1 Introduction

Artificial Intelligence (AI) is becoming pervasive. The technology is reaching into so many facets of our lives that we have no choice but to confront its impacts. The creation and deployment of AI is changing our lives and communities in countless ways. These changes are often difficult to understand and anticipate, and are only accelerating due to the ongoing COVID-19 pandemic. Although AI provides observable benefits, the collection, use, and abuse of data used to train and feed into AI, as well as the algorithm itself, may expose people to risks that they were not even aware existed. Employers can monitor workplace performance and behavior in covert and unexpected ways. And a potential employee might be turned down for a job because of the information an automated tool collects while scraping the person’s social media profile. A local government might use facial recognition to identify each and every individual that passes through a public area. It was not that long ago that such scenarios would seem farfetched. But now we see a rise in the use of these tools by industry, government, and even academic institutions as they deploy AI algorithms to make decisions that alter our lives in direct, and potentially detrimental, ways. The frequently voiced justification for the use of such AI tools is that they are “better” than a human decision-maker. Should not an algorithm be fair and free of human biases? After all, it shouldn’t be burdened with the biases derived from our lived experiences, right? Then again, an algorithm is made by humans, and humans make mistakes, including during the designing, programming, calibrating, and evaluating of the algorithm’s performance. Therein lies a key problem: how can fallible humans design AI that effectively lives up to its promised benefits while ensuring its outcomes aren't biased or otherwise harmful? Complicating matters is how do imperfect humans even go about defining “fairness”? It is a messy task, especially considering that the concept has numerous candidate definitions and what counts as “fair” can fundamentally shift over time.
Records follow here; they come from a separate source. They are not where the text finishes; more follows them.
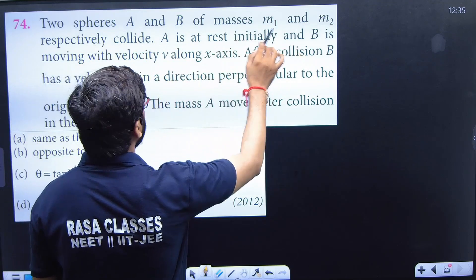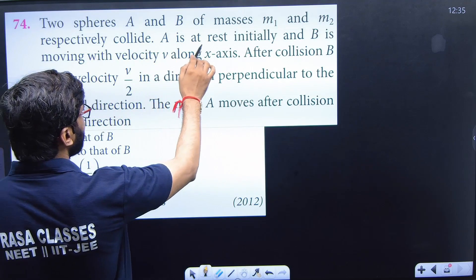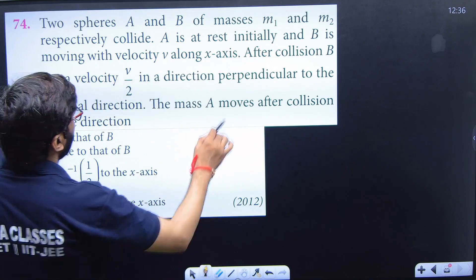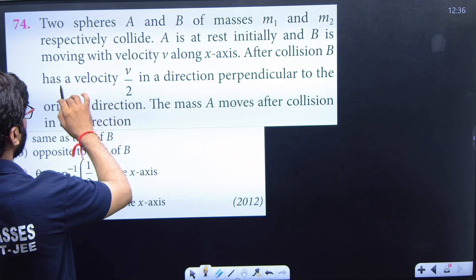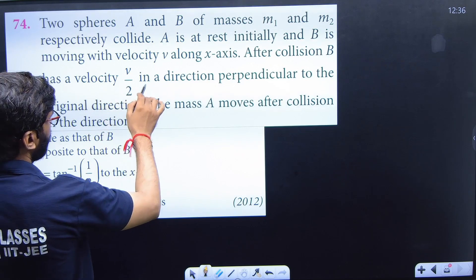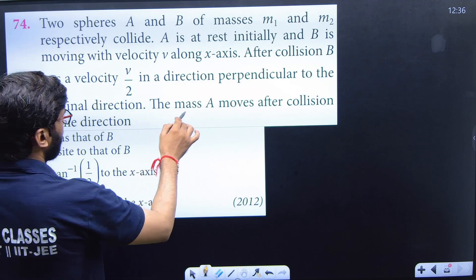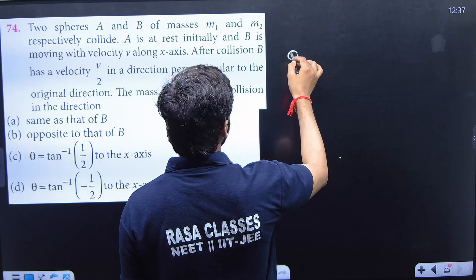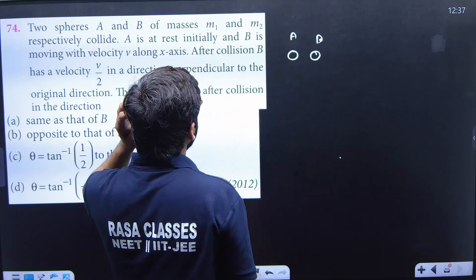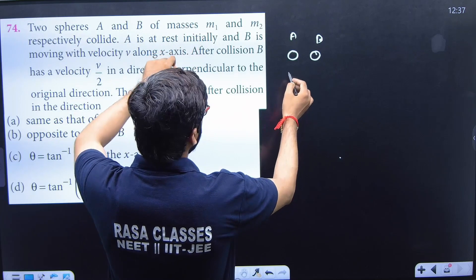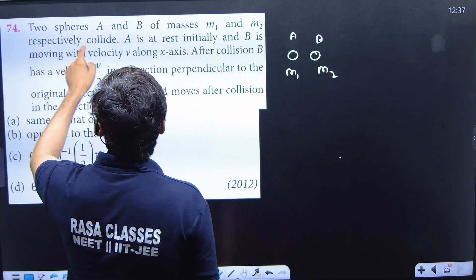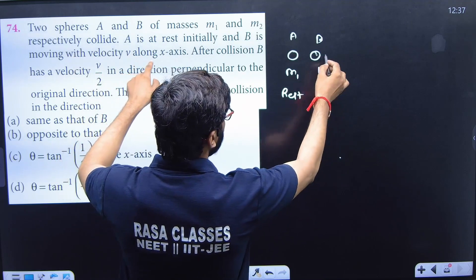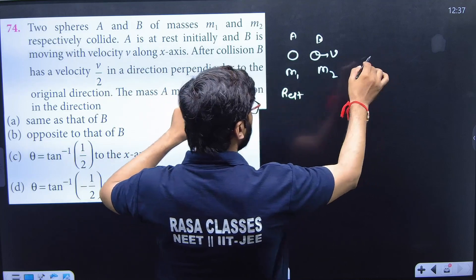Sphere A and B of mass m1 and m2 respectively collide. A is at rest initially and B is moving with velocity v along the x-axis. After collision, B has velocity v/2 in a direction perpendicular to the original direction. We need to find the direction of A after collision. There are two spheres — A with mass m1 and B with mass m2. B is moving with velocity v in the x-direction.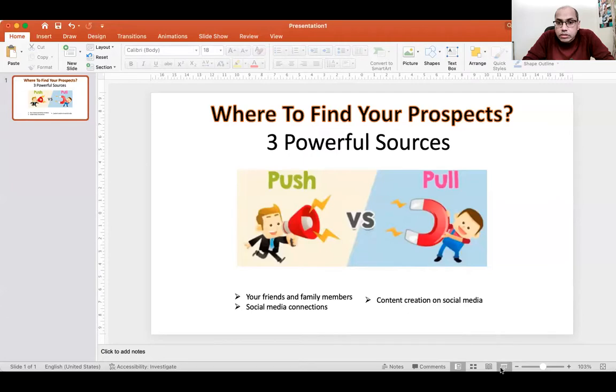Most of the time when people get started in their network marketing business, they just go and approach their friends and family members. There is nothing wrong with that, but if you confine your business within friends and family members, that is not going to yield good results — it's limited. You have to learn how to expand your network and get hold of unlimited potential prospects.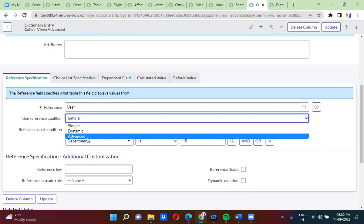I'll give you one simple example. In coming days, I will be explaining complex things regarding reference qualifiers. But now I'm going to explain one simple reference qualifier using advanced reference qualifier.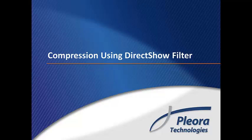Pleora's eBus SDK provides all the tools required by developers to quickly and easily produce high-performance video applications. In the first video, we demonstrated how Pleora's eBus SDK provides a straightforward approach to connecting GigEVision and USB 3.0 Vision devices into the DirectShow ecosystem.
At times, AI is intensifying societal ills, and it would be misleading to imply that a single, simple solution is on the horizon. Fix the bias in the data. Fix the bias within the algorithms. Fix the bias in the outputs. All of these practices may get us closer to mitigating part of the problem; but these are only necessary but not sufficient conditions for fixing them. Addressing these and other ethical concerns requires starting with the root of the problem (i.e., people). Tackling the problem head-on requires educating ourselves at the beginning stages of our interaction with AI–irrespective of whether we are developers, first learning about AI, or users, just starting to interact with AI. The opportunity to learn about how data are used to train AI, about the applications that the AI can enable, etc., should be available to any person that interacts at any stage with AI. If we focus just on those designing AI technology, there is tremendous potential to shape what developers are learning and encourage them to embrace the crucial message that ethics is intertwined with the entire design process (before, during, and after). Moreover, ethics should not be a slapped-on component after-the-fact, a standalone lesson, or a second thought. It is integral at every stage when learning about AI. When we teach the mathematical derivations of a linear regression function for supervised learning in AI, we can also mention the use of disparate impact as a metric to evaluate fairness of the output in the hopes that we move closer to a result that is “correct” and “fairer”.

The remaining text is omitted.